Vinyl is one of the touchiest materials to deal with in terms of seeing any defects in the sub-floor through the product. If the sub-floor isn’t perfectly flat and smooth you will absolutely see it and you may even feel it on your feet over time.
This however doesn’t mean that it can’t be done! This is also great news as vinyl tile is one of the easiest and most cost effective ways to redo a floor.
One of the key things you need to install vinyl tile over ceramic tile is to ensure that the ceramic tile has a smooth top. It is also best if all the grout lines are filled without valleys as these will eventually show through to the vinyl.

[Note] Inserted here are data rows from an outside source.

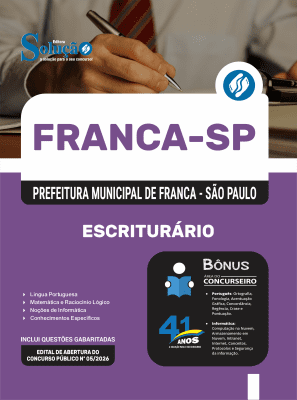 Apostila Prefeitura de Franca-SP 2026 - Escriturário - Imagem 3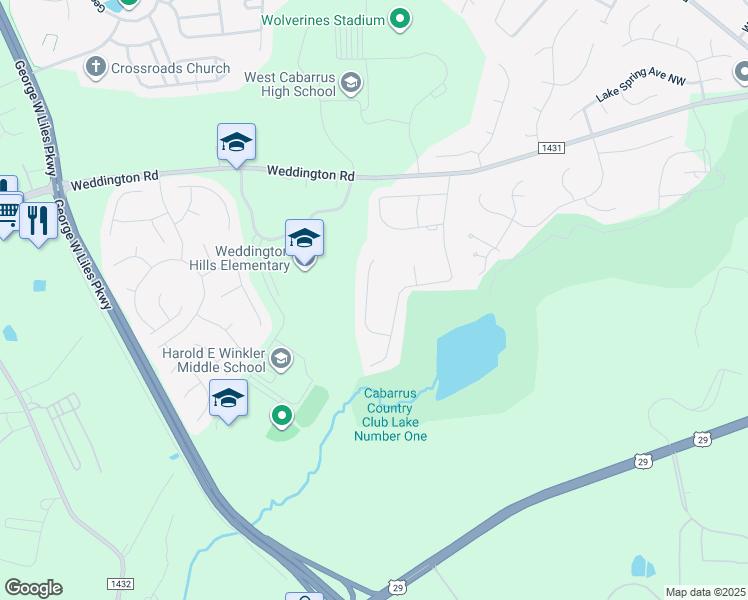 map of restaurants, bars, coffee shops, grocery stores, and more near 1484 Saint Annes Court Northwest in Concord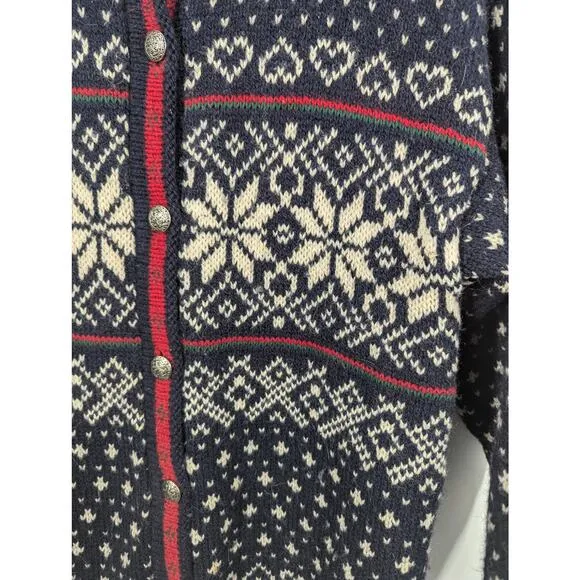Vintage L.L. Bean Blue Red White Chunky Knit Fair Isle Cardigan Sweater Large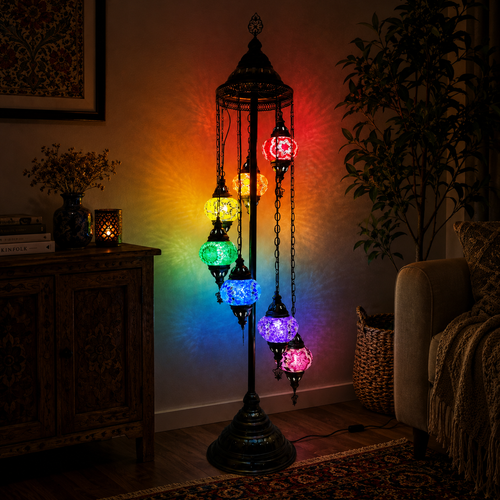 Turkish Mosaic Table Lamp - 7 Bulbs - 16"x58"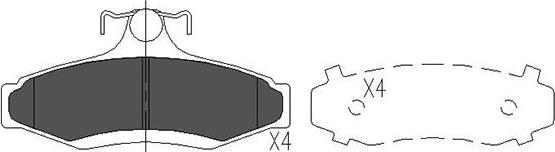 Kavo Parts KBP-1006 - Əyləc altlığı dəsti, əyləc diski furqanavto.az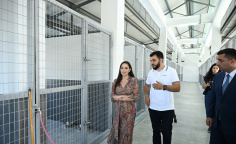 Leyla Əliyeva Yevlaxda Sahibsiz Heyvanlara Qayğı Mərkəzinin regional bölməsinin açılışında iştirak edib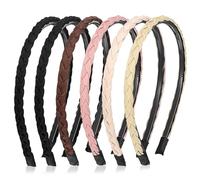 XLIUAX 6 Pcs Thin Braided Headbands, Non-Slip Flexible Headband with Teeth Comb Skinny Twisted Boho Head Band for Women Fashion Hairbands Hair Accessories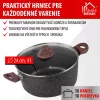 MagicHome Black Marble Line fazék üvegfedővel, 3 rétegű márványhatású tapadásmentes bevonattal – Ø 24 cm, 4000 ml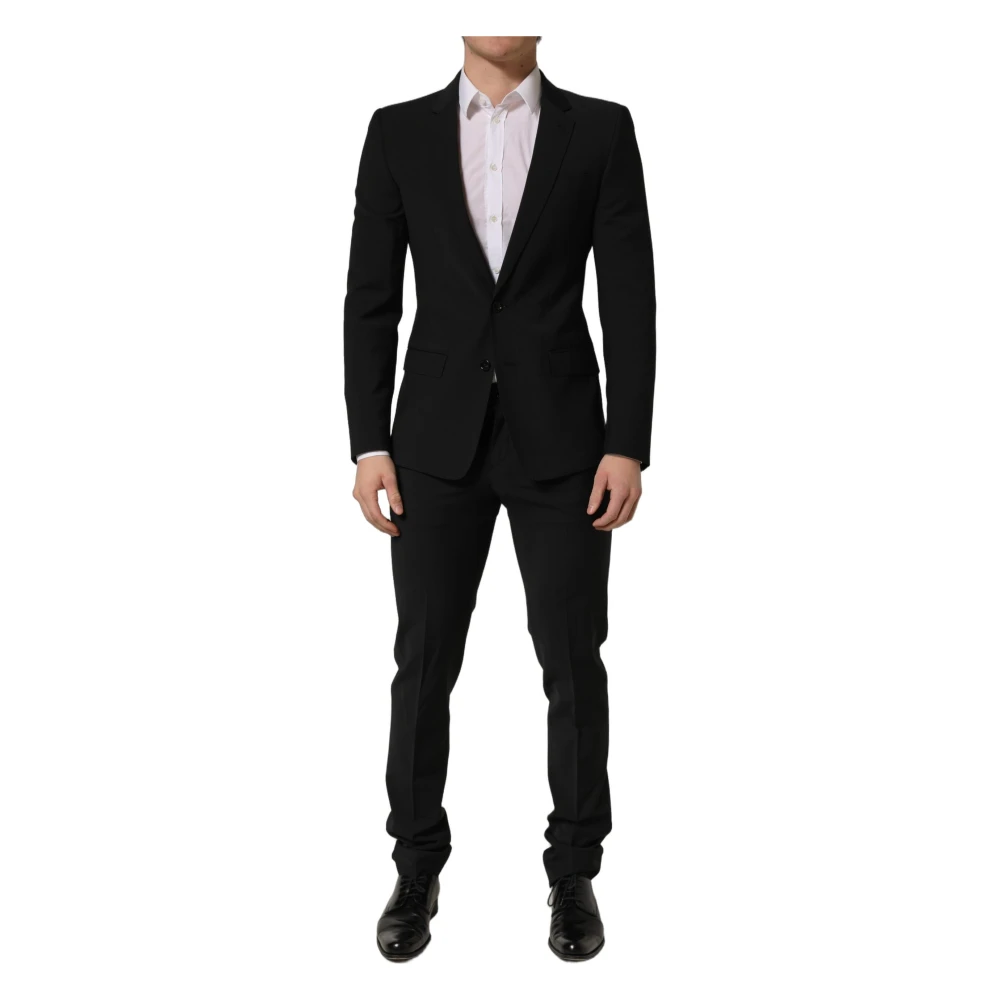 Dolce & Gabbana Men's Black Slim Fit Formal 2-Piece Suit - Single Breasted Suits - S - Suits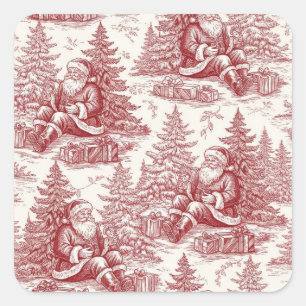 Cuadrada Pegatina de toile de Navidad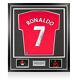 Framed Cristiano Ronaldo Signed Manchester United Shirt Home, 2019-2020, Numbe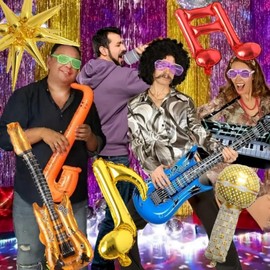 RKMYTR 10-Piece Music Decor Latex Balloons - Durable Inflatable Musical Instrument Party Supplies for Birthdays (Suitable for Kids & Adults)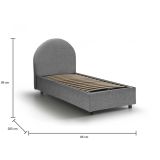 Letto 1 posto contenitore grigio 95x205cm comodo - Amantea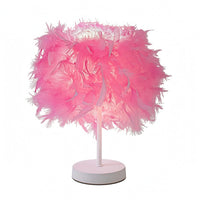 Feather Table Lamp Corded Feather Bedside Lamp Round Base Housing Lighting for Tabletop
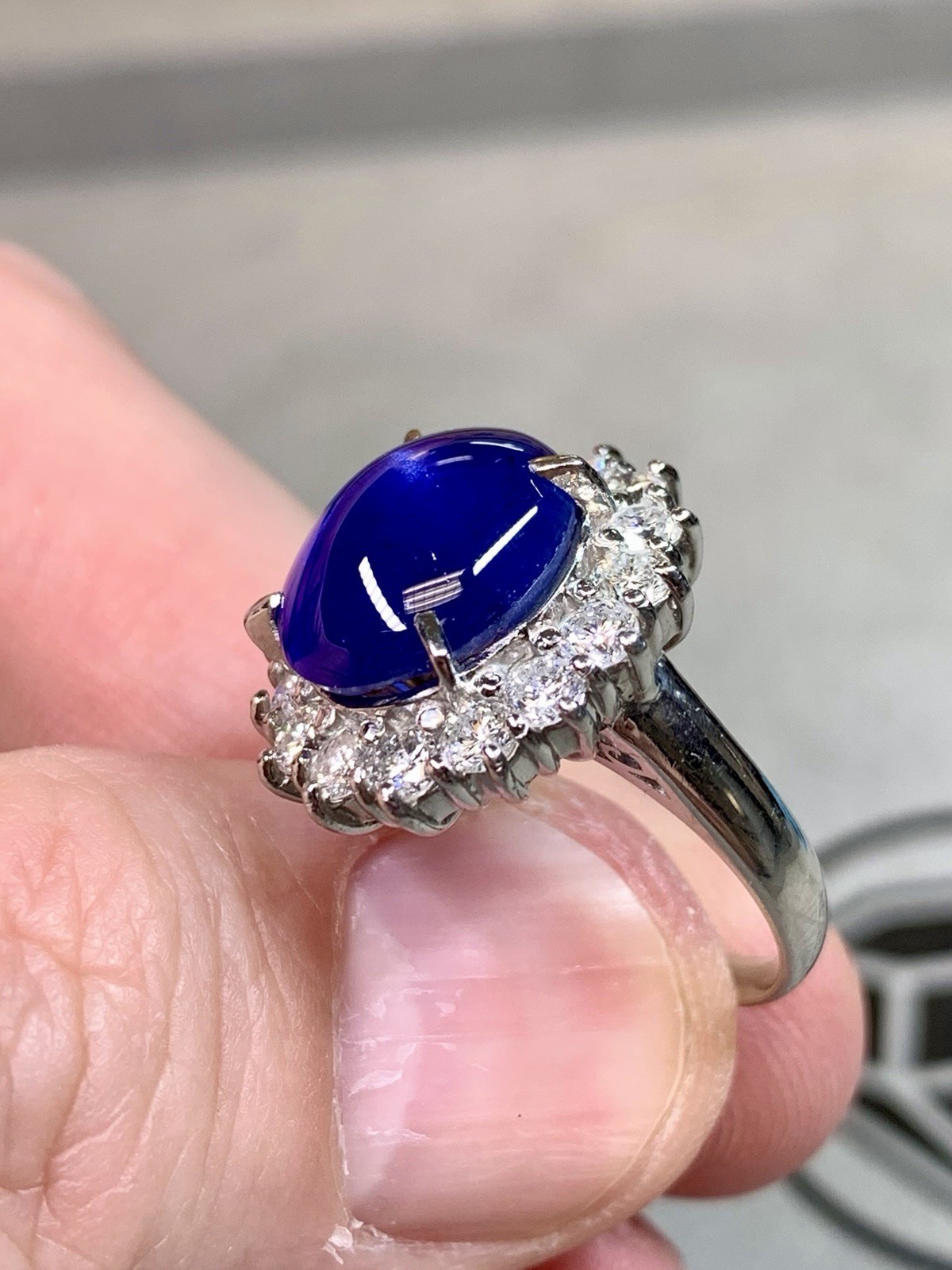 Estate Untreated 7.68ct Burmese Star Sapphire Diamond Platinum Cocktail Ring GIA
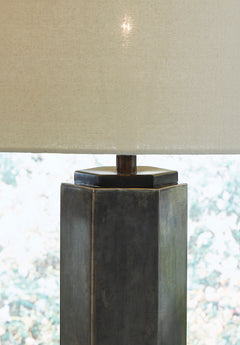 Antique Pewter Finish table lamp, product view 3 - 3
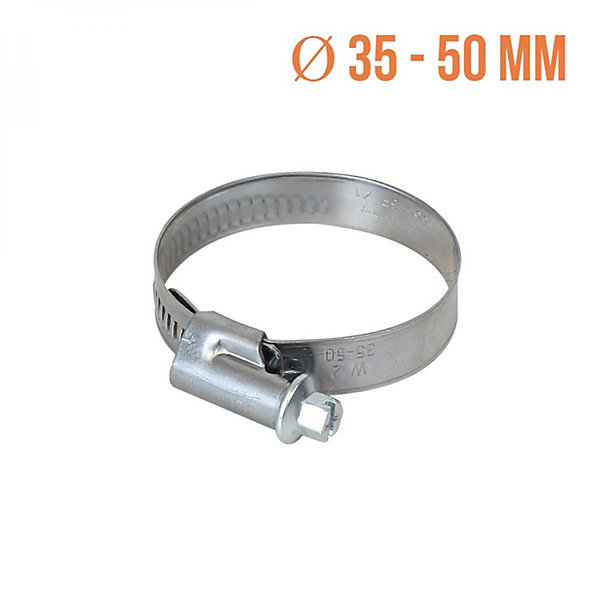 Lot de 2 colliers de serrage en acier inoxydable - diam 35-50 mm - Linxor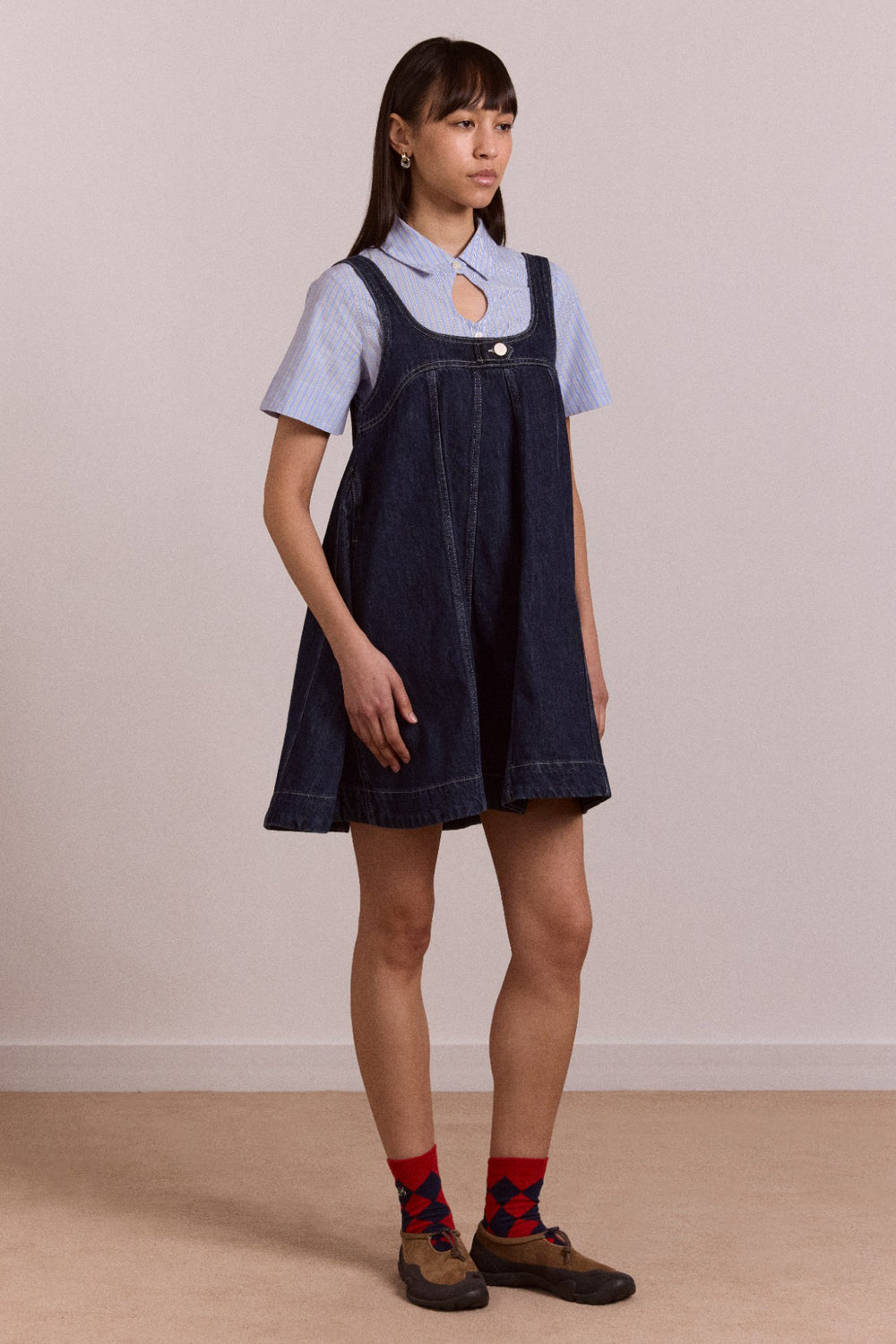 Damson Madder immy mini dress - dark wash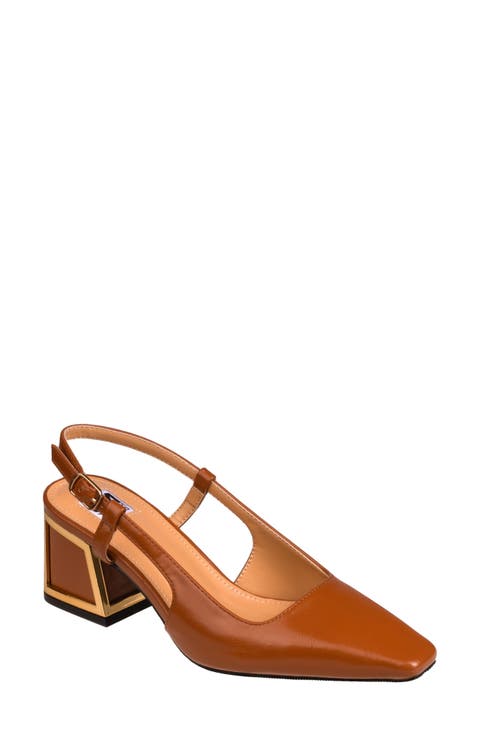 SL BLAKE SLINGBACK PUMPS CARAMEL CALFSKIN
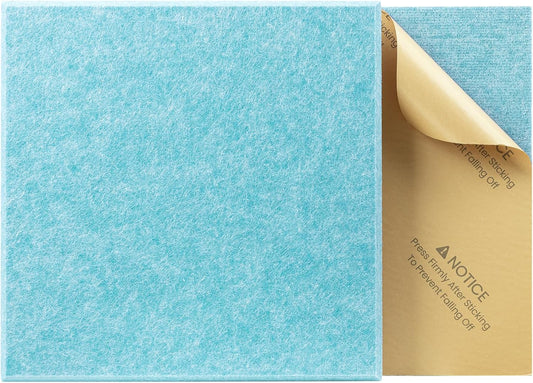12 Pack Self-Adhesive Acoustic Panels, 12" X 12" X 0.4" High-Density Sound Proof Foam Panels for Walls, Soundproof Wall Panels for Home & Office (Aqua Blue)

If there are valleys in the grout you can simply fill them the rest of the way until they are flush with all the surrounding tiles.
There are also other concerns that you need to take into consideration and that is the additional height. While vinyl is thin, prior to purchasing product and starting to lay it you should ensure that your doors will still function properly.
Depending on the door you could cut the bottom of the door off but this isn’t ideal. Ideally there would be enough clearance for the door to function normally without any modifications.
You should also look at any transition you may have between rooms. If there is a height difference, make sure you have a transition strip of some sort to eliminate any tripping hazards. If you have height differences not only may it be a tripping hazard but it could also break the tile or even make it start to peel up.
One final thing that should be noted prior to installation is the cleanliness. It is very important to remove all dust, dirt and grime prior to starting to lay vinyl tile. This will ensure a proper bond between your sub-floor and vinyl tile for many years to come.
Once the sub-floor is prepared and everything is flush with the grout lines filled in you can install the vinyl tile or sheet goods. This can be done the old school way in which you are laying a glue bed down and sticking the tile to it or with self adhesion tiles.
The self adhesion tiles come with stick backs in which you can just pull the backing off and stick them down. This method is super easy to work worth and allows you to stop and start as needed unlike the glue bed which has a dry time.
Should I Pull the Toilet or Cut Vinyl Around It?
While you can cut around the toilet and install a caulk joint between the vinyl tile and the toilet it will be a timely thing to make it look good. I would absolutely recommend pulling the toilet.
This is super easy to to do. To pull the toilet simply turn the water supply off in which there should be a valve between the wall and the toilet itself. Once this is done flush the toilet until all the water is out of the tank.
At this point you should be able to loosen the two screws at the base of the toilet that are holding it in place. Once complete you can simply lift up on the toilet and move it to another room.
The only expense you will run into when pulling a toilet is you should always replace the wax seal. This is especially true if you are adding height to the floor. With the toilet out of the way you can run the vinyl right up to the plumbing saving a lot of skilled cuts and it is much quicker and easier.
To reinstall the toilet simply get a putty knife and scrape all the excess old wax off. Once complete place the new wax ring down. Grab the toilet, line up the screw holes and set it on the wax ring.
You will notice that the toilet isn’t touching the vinyl all the way around the base of the bowl. This is OK, slowly press down on the toilet rocking it back and fourth on the was ring. This is seeding the toilet to the wax ring to the plumbing.
Once flush with the floor re bolt the bowl down and connect the water supply back to the toilet. Turn the supply back on and you should be back in business!